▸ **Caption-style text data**
========

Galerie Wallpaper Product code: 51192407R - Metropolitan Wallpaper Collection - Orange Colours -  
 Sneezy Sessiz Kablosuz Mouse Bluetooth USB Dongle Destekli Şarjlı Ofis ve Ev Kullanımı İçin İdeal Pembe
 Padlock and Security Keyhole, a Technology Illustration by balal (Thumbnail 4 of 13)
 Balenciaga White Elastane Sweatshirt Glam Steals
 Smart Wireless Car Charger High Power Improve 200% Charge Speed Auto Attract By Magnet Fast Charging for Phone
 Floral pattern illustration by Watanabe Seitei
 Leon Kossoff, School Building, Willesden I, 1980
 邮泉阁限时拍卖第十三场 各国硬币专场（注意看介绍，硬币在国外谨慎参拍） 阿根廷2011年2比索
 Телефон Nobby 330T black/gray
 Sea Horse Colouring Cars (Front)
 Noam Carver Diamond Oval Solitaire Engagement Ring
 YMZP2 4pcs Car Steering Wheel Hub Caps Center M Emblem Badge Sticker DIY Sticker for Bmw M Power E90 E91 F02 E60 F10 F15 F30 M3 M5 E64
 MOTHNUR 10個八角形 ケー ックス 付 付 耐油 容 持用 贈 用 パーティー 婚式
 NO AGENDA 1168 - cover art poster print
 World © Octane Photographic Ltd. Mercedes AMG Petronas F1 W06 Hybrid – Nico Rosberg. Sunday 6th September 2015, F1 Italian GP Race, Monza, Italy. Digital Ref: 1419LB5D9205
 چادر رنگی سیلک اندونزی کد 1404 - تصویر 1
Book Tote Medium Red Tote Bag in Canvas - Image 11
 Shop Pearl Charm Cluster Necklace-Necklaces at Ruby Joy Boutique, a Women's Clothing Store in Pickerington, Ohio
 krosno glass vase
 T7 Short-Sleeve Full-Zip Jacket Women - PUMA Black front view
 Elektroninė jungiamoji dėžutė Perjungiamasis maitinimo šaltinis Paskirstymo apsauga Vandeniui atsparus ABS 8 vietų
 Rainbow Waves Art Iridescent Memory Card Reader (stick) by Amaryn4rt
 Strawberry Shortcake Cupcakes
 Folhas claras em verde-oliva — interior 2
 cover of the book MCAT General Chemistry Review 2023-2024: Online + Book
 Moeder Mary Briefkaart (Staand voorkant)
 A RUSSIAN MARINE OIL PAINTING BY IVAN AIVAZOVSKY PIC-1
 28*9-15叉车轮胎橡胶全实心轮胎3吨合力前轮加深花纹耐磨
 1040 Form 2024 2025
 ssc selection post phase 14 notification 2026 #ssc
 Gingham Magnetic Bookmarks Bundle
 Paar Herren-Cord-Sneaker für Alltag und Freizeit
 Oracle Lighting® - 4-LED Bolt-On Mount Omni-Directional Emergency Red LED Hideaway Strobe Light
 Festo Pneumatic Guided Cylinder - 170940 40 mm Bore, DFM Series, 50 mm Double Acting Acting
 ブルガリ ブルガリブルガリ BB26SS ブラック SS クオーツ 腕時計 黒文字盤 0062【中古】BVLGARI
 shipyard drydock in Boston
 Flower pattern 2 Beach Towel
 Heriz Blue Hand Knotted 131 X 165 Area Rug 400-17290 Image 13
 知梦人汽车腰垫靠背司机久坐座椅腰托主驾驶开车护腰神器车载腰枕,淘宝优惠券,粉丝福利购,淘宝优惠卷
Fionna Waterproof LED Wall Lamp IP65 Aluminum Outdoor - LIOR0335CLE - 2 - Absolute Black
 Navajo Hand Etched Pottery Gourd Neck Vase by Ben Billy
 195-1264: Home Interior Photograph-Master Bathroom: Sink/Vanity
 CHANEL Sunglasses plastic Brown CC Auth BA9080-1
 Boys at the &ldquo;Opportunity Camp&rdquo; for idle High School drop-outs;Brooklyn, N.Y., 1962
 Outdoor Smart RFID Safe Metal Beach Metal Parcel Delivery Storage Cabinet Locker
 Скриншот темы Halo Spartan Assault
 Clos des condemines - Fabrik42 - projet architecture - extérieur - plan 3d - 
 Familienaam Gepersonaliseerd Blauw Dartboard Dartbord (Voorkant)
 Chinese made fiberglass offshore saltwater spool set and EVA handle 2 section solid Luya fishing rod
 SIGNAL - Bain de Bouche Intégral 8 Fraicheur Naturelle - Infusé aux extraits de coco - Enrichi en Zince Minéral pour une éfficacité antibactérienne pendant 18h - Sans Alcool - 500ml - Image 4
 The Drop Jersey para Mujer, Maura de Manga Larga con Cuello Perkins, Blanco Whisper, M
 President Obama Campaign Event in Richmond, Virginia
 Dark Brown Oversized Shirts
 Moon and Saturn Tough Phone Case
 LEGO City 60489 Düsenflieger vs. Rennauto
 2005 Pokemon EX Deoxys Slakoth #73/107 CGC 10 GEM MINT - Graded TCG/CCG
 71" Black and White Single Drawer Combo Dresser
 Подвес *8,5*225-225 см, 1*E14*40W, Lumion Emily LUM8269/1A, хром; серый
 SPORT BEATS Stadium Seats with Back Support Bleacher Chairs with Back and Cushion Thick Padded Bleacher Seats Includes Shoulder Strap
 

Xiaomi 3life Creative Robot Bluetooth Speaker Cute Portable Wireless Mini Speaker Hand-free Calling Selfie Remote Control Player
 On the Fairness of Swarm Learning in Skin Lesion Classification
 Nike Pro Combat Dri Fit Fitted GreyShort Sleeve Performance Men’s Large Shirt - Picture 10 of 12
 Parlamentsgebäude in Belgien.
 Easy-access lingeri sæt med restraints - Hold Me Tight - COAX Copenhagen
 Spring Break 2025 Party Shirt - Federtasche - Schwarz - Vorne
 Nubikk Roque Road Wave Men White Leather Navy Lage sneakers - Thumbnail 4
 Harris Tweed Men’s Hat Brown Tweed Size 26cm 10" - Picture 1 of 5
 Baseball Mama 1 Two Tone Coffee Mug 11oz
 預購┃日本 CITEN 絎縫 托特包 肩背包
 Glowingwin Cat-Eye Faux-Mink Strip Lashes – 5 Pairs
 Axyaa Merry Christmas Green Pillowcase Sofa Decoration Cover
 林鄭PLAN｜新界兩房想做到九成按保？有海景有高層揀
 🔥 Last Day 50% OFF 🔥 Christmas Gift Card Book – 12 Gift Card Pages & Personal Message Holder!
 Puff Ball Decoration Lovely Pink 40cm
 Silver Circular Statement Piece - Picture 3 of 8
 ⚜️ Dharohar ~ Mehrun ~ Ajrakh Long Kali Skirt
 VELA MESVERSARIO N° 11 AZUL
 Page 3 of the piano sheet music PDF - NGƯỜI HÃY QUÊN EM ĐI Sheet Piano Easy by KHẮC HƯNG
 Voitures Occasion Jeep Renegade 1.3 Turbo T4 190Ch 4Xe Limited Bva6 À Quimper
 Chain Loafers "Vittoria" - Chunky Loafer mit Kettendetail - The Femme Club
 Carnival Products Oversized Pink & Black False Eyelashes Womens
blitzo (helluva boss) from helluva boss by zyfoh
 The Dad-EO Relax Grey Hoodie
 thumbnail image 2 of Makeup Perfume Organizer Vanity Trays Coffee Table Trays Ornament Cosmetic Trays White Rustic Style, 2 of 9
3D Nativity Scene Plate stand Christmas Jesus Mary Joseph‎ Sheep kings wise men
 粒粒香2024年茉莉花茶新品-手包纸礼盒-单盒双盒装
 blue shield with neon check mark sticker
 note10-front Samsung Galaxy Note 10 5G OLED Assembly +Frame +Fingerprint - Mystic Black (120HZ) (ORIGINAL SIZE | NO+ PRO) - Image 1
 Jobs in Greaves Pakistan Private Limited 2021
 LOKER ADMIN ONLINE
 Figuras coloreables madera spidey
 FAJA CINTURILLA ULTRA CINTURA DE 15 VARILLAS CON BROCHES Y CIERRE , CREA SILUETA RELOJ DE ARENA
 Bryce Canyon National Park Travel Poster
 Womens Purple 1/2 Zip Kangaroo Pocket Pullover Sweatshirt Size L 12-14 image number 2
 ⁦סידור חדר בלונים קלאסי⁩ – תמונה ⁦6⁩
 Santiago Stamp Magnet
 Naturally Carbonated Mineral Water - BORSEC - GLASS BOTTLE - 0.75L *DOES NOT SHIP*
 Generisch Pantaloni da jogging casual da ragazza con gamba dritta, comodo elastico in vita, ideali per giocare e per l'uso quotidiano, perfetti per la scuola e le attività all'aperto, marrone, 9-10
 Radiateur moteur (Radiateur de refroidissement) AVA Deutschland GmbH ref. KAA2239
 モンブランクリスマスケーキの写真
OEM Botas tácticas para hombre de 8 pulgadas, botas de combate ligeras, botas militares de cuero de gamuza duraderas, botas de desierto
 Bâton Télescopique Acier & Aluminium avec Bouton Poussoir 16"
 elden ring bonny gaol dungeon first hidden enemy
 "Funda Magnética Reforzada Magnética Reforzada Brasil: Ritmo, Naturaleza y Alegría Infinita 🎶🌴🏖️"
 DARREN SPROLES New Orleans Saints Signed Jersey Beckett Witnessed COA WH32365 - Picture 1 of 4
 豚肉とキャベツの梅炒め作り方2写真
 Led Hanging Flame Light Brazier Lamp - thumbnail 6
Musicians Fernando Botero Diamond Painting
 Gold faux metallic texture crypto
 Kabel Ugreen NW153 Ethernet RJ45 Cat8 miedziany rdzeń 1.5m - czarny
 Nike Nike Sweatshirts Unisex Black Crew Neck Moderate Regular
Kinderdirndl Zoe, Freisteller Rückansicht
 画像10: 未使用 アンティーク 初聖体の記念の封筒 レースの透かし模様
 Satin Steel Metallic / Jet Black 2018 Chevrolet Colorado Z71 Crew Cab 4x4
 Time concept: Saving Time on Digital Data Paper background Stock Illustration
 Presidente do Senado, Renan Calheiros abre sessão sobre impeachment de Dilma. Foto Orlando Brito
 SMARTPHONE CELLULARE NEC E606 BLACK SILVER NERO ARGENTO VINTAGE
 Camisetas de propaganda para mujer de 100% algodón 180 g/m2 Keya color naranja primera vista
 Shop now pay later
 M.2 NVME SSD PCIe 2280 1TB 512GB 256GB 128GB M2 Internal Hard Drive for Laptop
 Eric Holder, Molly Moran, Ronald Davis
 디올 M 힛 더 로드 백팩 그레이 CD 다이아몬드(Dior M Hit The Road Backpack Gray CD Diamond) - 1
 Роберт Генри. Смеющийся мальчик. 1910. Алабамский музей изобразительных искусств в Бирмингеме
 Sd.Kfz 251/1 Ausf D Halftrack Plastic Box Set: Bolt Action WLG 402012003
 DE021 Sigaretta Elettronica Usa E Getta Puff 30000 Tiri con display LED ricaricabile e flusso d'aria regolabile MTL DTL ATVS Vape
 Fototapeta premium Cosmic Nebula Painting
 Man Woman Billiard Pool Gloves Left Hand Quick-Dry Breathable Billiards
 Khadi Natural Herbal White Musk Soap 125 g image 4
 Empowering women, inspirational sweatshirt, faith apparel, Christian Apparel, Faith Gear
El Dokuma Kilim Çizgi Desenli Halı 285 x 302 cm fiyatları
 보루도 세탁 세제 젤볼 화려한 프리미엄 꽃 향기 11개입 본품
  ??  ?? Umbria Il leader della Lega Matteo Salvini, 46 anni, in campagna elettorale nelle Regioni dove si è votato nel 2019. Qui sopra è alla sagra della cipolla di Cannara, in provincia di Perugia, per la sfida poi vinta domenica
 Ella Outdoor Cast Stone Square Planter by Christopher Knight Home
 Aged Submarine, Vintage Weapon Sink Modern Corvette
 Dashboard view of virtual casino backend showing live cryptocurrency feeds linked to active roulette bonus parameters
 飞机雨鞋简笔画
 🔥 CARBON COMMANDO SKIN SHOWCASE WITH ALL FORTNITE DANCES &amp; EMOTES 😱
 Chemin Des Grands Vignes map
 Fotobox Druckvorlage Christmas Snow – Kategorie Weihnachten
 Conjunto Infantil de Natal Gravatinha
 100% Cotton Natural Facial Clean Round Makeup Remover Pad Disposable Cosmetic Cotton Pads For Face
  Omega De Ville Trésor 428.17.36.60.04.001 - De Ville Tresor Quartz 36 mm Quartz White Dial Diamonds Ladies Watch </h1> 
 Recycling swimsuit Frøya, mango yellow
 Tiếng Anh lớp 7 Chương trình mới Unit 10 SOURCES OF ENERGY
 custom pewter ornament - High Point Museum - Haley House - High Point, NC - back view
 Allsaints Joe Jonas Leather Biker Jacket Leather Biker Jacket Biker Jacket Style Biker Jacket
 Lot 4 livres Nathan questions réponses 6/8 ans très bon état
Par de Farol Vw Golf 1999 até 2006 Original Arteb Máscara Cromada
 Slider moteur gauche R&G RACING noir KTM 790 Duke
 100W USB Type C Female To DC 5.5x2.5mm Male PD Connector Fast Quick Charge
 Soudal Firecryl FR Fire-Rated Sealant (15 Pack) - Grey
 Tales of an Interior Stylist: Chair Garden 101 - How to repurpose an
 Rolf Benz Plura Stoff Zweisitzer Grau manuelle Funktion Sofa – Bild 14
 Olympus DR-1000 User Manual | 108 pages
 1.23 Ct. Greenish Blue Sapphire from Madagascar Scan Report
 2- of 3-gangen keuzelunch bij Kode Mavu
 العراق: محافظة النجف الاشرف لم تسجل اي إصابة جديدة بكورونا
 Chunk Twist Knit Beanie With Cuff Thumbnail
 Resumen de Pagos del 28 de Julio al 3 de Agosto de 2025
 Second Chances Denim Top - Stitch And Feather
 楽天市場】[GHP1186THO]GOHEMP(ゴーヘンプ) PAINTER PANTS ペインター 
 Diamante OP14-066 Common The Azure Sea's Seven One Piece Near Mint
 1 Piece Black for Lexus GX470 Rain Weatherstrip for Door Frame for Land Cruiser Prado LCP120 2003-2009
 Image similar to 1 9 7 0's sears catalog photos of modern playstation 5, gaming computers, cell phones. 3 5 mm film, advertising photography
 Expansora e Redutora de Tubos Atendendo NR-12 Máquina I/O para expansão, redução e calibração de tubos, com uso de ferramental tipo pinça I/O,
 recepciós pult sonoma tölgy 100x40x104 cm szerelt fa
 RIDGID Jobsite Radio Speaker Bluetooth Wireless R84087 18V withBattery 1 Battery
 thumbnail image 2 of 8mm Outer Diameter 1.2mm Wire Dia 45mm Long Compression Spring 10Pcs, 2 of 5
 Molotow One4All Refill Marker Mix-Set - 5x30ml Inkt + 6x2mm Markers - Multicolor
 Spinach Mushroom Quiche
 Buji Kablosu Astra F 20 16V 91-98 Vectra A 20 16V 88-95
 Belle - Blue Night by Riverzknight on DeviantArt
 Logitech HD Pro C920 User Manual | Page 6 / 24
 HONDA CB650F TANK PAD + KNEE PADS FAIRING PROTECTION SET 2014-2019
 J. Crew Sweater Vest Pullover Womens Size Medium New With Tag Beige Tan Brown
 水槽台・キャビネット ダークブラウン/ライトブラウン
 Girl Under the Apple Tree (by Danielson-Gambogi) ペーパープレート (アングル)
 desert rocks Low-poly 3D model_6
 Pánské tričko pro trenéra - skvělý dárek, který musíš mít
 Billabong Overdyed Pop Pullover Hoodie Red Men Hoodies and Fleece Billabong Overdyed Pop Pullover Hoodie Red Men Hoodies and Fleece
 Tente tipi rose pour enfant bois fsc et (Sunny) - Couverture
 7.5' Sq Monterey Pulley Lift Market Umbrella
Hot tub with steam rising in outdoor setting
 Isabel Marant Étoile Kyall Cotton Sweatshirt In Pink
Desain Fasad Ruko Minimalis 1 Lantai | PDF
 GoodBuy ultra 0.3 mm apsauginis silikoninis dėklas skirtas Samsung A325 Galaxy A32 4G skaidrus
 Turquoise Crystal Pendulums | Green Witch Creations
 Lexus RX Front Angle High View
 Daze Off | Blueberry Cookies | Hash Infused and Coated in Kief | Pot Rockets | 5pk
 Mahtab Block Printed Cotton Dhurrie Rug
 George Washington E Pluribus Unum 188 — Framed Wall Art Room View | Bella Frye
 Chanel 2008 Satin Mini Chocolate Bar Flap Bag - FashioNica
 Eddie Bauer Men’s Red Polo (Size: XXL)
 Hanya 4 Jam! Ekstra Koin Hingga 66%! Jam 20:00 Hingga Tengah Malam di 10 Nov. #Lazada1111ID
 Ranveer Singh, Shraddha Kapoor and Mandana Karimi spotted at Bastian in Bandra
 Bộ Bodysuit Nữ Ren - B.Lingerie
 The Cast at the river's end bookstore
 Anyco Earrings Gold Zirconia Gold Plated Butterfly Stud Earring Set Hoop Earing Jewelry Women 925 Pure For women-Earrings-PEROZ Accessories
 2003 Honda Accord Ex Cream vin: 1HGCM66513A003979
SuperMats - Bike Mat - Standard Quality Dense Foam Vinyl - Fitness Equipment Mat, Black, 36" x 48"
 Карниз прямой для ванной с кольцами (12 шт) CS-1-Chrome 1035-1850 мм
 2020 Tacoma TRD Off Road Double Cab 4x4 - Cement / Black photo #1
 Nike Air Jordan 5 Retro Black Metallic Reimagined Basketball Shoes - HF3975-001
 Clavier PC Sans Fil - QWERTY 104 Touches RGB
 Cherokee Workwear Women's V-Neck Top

========

▸ **YOUR ASSIGNMENT**
Only the lines above starting at the line that holds "The Dad-EO Relax Grey Hoodie" and ending at the line that holds "Santiago Stamp Magnet" are to be repeated, exactly and in full.

▸ **REPLY TO THE EXERCISE**
 The Dad-EO Relax Grey Hoodie
 thumbnail image 2 of Makeup Perfume Organizer Vanity Trays Coffee Table Trays Ornament Cosmetic Trays White Rustic Style, 2 of 9
3D Nativity Scene Plate stand Christmas Jesus Mary Joseph‎ Sheep kings wise men
 粒粒香2024年茉莉花茶新品-手包纸礼盒-单盒双盒装
 blue shield with neon check mark sticker
 note10-front Samsung Galaxy Note 10 5G OLED Assembly +Frame +Fingerprint - Mystic Black (120HZ) (ORIGINAL SIZE | NO+ PRO) - Image 1
 Jobs in Greaves Pakistan Private Limited 2021
 LOKER ADMIN ONLINE
 Figuras coloreables madera spidey
 FAJA CINTURILLA ULTRA CINTURA DE 15 VARILLAS CON BROCHES Y CIERRE , CREA SILUETA RELOJ DE ARENA
 Bryce Canyon National Park Travel Poster
 Womens Purple 1/2 Zip Kangaroo Pocket Pullover Sweatshirt Size L 12-14 image number 2
 ⁦סידור חדר בלונים קלאסי⁩ – תמונה ⁦6⁩
 Santiago Stamp Magnet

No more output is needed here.